Several other method comparison results are displayed in
Figure 5 and
Table 2. Thus, the next figure contains the results obtained by some compression approaches on the [256 × 256] Trui image, at a compression rate of 0.40 bits/pixel.
The decompression output of the nonlinear PDE-based method proposed here is displayed in (i). The average PSNR and SSIM values obtained by the respective encoding approaches are displayed in
Table 2. One can see that only JPEG 2000 and R-EED produce higher, but still comparable, metric values than the described compression technique.
5. Conclusions
A novel lossy image coding technique, which is based on the scale-invariant feature keypoint locations in the compression stage and a nonlinear fourth-order PDE-based model in the decompression stage, was proposed in this paper. The nonlinear partial differential equation-based model that was introduced, mathematically investigated, and numerically solved represents the major contribution of this work. In fact, it was the main purpose of this work to develop and analyze a new well-posed nonlinear partial differential equation-based interpolation model that can be successfully applied in the image compression domain. Beyond compression, however, the proposed PDE scheme can be successfully used for solving any inpainting task, like object or text removal, and an adapted version of it can be used efficiently in the image denoising and restoration domain.

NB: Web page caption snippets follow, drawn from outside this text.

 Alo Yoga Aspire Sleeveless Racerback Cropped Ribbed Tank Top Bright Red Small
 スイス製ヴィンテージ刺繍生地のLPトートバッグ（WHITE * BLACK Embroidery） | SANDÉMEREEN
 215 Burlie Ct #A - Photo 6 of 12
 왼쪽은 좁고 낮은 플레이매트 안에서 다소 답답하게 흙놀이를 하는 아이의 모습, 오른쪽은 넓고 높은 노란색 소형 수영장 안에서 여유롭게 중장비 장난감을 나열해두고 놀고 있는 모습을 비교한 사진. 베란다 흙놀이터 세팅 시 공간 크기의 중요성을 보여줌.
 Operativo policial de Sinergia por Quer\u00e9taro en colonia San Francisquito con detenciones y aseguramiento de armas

While the PDE-based image decompression schemes are usually based on second-order diffusion equations, we proposed a more complex nonlinear fourth-order PDE inpainting model for the decompression task. Given the 2D Gaussian filter kernel involved in its componence, it performs efficiently in both clean and noisy conditions. Its well-posedness was rigorously demonstrated here and a consistent finite difference method-based approximation scheme was constructed to determine numerically the unique variational solution of it.

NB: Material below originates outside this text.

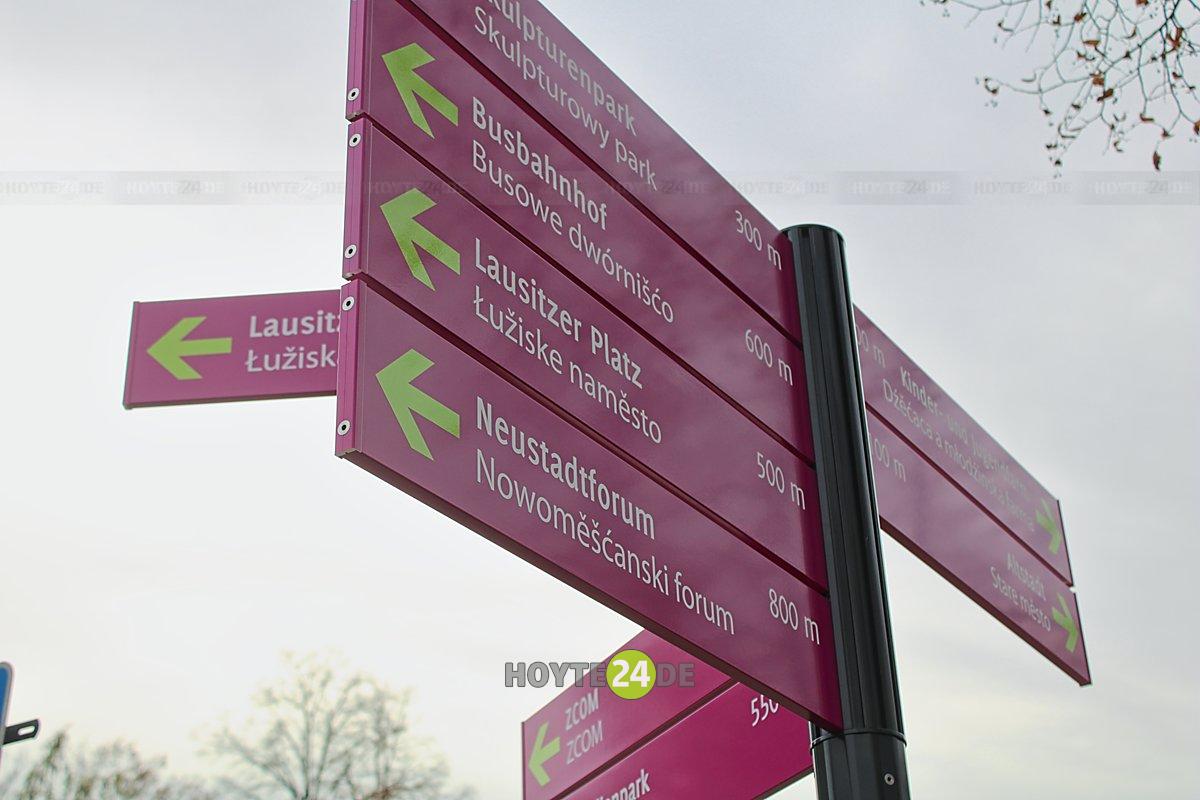 Man sieht einen der neuen Wegweiser.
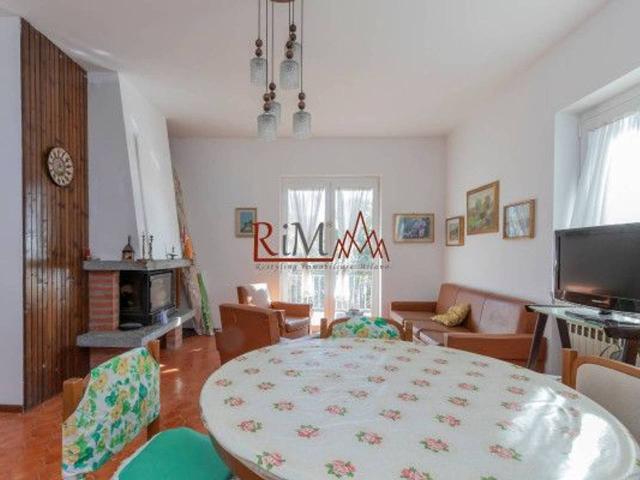 Villa in vendita a Nebbiuno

While the most important and original contributions of the developed framework are related to its decompression component, some novelties are brought in the compression stage, too. Thus, we proposed a novel image sparsification solution that is based only on the locations of the SIFT, SURF, MSER, BRISK, ORB, FAST, KAZE, and Harris keypoints and not on their features, and a sparse pixel encoding algorithm that is inspired by RLE. Although the proposed PDE-based inpainting algorithm may provide better decompression results when used in combination with some other sparsification models, this new keypoint-based image sparsification method has the advantage of using a rather low number of scattered data points and still leading to a good output.
The performed experiments and method comparisons illustrate the effectiveness of the proposed technique. It outperforms many existing image compression models and provides comparable good results with some state-of-the-art approaches. It has some drawbacks related to the running time, which can be quite long for large images, given the high computational complexity of the keypoint detection and sparse pixel encoding, decoding, and interpolation algorithms, and to the structural character of the PDE-based inpainting scheme, which also leads to weaker decompression results for the textured images. So, investigating some solutions to reduce the complexity of this technique, especially in the decompression stage, to get a lower execution time, and to improve the texture compression results, will represent the focus of our future research in this field.